Setting up Apache Airflow with Celery Executor on Your Linux Machine

Yuvraj singh
2 min readFeb 1, 2024

Apache Airflow stands out as a powerful open-source platform for orchestrating workflows. In this comprehensive guide, we’ll walk through the process of setting up Apache Airflow with the Celery Executor on your Linux machine, transforming it into a distributed environment comprising a master node and two worker nodes. This configuration enables parallel task execution, ensuring scalability and efficient resource utilization on your Linux setup.

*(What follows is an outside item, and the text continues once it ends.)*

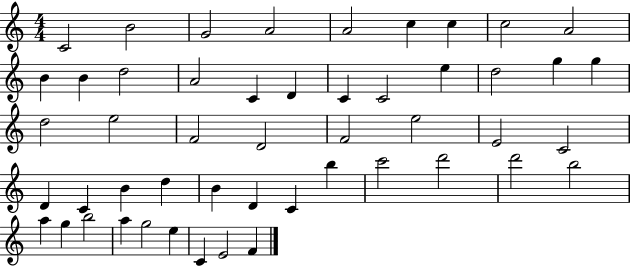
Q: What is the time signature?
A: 4/4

Step 1: Update System Packages

Start by ensuring that all system packages on your Linux machine are up-to-date. This is a crucial initial step to prevent potential compatibility issues during the installation process.

sudo apt update && sudo apt upgrade -y

Step 2: Install Dependencies and Create Virtual Environment

Install necessary dependencies and create a virtual environment:

sudo apt install build-essential python3-dev libsqlite3-dev openssl sqlite default-libmysqlclient-dev libmysqlclient-dev
sudo apt install python3.8-venv

python3 -m venv ve
source ve/bin/activate

Step 3: Install Apache Airflow

Install Apache Airflow within the virtual environment:

pip install 'apache-airflow[celery]==2.6.3' --constraint "https://raw.githubusercontent.com/apache/airflow/constraints-2.6.3/constraints-3.8.txt"
pip install mysqlclient
airflow version

Step 4: Set Up DAGs Directory

Create a directory for DAGs:

mkdir /root/airflow/dags
cd /root/airflow/dags

Step 5: Mount DAGs & Logs Directory to a DFS

Mount the DAGs and logs directory to a distributed file system.

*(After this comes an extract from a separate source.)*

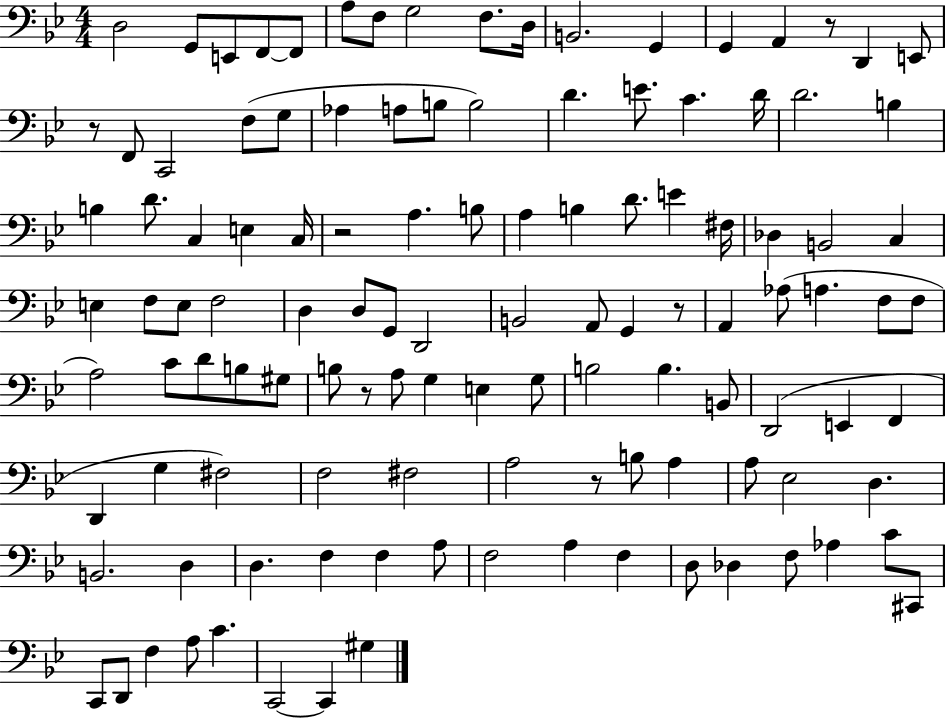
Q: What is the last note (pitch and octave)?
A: G#3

Step 6: Edit Airflow Configuration

Edit the airflow.cfg configuration file with the following details:

executor = CeleryExecutor
sql_alchemy_conn = mysql://*****:**@******:3306/airflow_demo
broker_url = amqp://****:****@*****:5672/airflowhost
dag_dir_list_interval = 30

Step 7: Initialize Airflow

Initialize Airflow after configuration:

airflow db init

Step 8: Repeat Steps 1–7 on Worker Nodes

Repeat steps 1 to 7 on worker nodes. Replace the airflow.cfg file from the workers with the master's airflow.cfg.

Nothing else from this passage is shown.